Going back to basics16 March 2001
The British Dam Society hosted a meeting recently to discuss the implications of the World Commission on Dams’ final report. There may still be questions about the future of new projects but one thing is clear about existing schemes: effective operation and maintenance will only become more important in the future. Suzanne Pritchard reports
IN 20 or 30 years’ time there will still be opportunities for dam construction. This is the belief of Achim Steiner, secretary general of the World Commission on Dams (WCD). At a post-WCD meeting – hosted by the British Dams Society in London, UK on 1 February 2001 – engineers, government representatives, members of civil society and academics discussed the implications of the final report during an eight-hour session.
Speaking about his fascination to be sitting in the Institution of Civil Engineers, Steiner said that the meeting was one of several opportunities for discussion worldwide since publication of Dams and Development: A New Framework For Decision-Making in November 2000. He said the need to talk about the realities facing all parties is paramount.
‘In terms of credibility,’ says Steiner, ‘the international reputation of dams has suffered a great deal in the past. It’s a fact that some developing countries are no longer able to raise money to address water and power needs. Is this the fault of dams of the past? We have to rectify these problems or we will continue to witness what we have seen over the last 15 years.’
Steiner believes that if the water sector industry does not heed warnings the number of dams built will decline even further; international and bilateral finance for projects will be withdrawn; and companies will continue to move away from the industry as it will no longer be profitable, being viewed as too risky.
acrimonious debate ‘I am sure that everyone would agree that something was needed to overcome the acrimonious debate over the issue of dams,’ says Geoff Sims, vice president of the international-commission-on-large-dams (ICOLD). ‘There is good evidence that the debate had moved beyond the point of rationality.’

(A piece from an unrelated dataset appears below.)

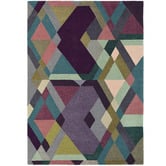 Ted Baker Purple Mosaic Hand-Tufted Wool Rug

Sims believes that it is the lack of constructive dialogue that WCD sought to improve through its report. ‘This is a good report that will contribute to the development of appropriate dam projects,’ he said. ‘It is not a technical report, and it is no criticism to say so. But it offers a way of mobilising the strength of the whole community behind much needed projects.’
Steiner agreed that the WCD report was not intended as a technical document. He spoke of the technical ICOLD studies, which he described as being ‘truly authoritative’, but added that they fail to mention other elements that make up the profile of a dam, such as resettlement.
‘Dams are often the best option in response to questions asked,’ he said, ‘but what is changing in society is how we ask those questions. Alternatives do exist.’
Operation and maintenance
A key element which can be drawn from the WCD report is the importance of maintaining existing dams before taking further action. Sims believes that the issue of the operation and maintenance of existing infrastructure is near the centre of the WCD recommendations, and has a great deal of bearing on the acceptability of dam projects.
‘We engineers must make existing projects work well before we can expect a consensus to agree to build more dams,’ he said, showing delegates photographs of a leaking irrigation dam in Africa and a vandalised instrument house at a water supply dam. ‘Where an existing project is not maintained properly it will be difficult to persuade people living nearby that the project is worthwhile or that a new one will be any better.’
Sims went on to speak about the role that ICOLD can play. ‘The efficient operation of existing projects, so that they meet their planned output, is close to ICOLD’s heart, and to improve on this would meet one of WCD’s criticisms of water projects. Improved maintenance procedures and monitoring of water projects are both important, and ICOLD can assist by establishing guidelines for these activities.’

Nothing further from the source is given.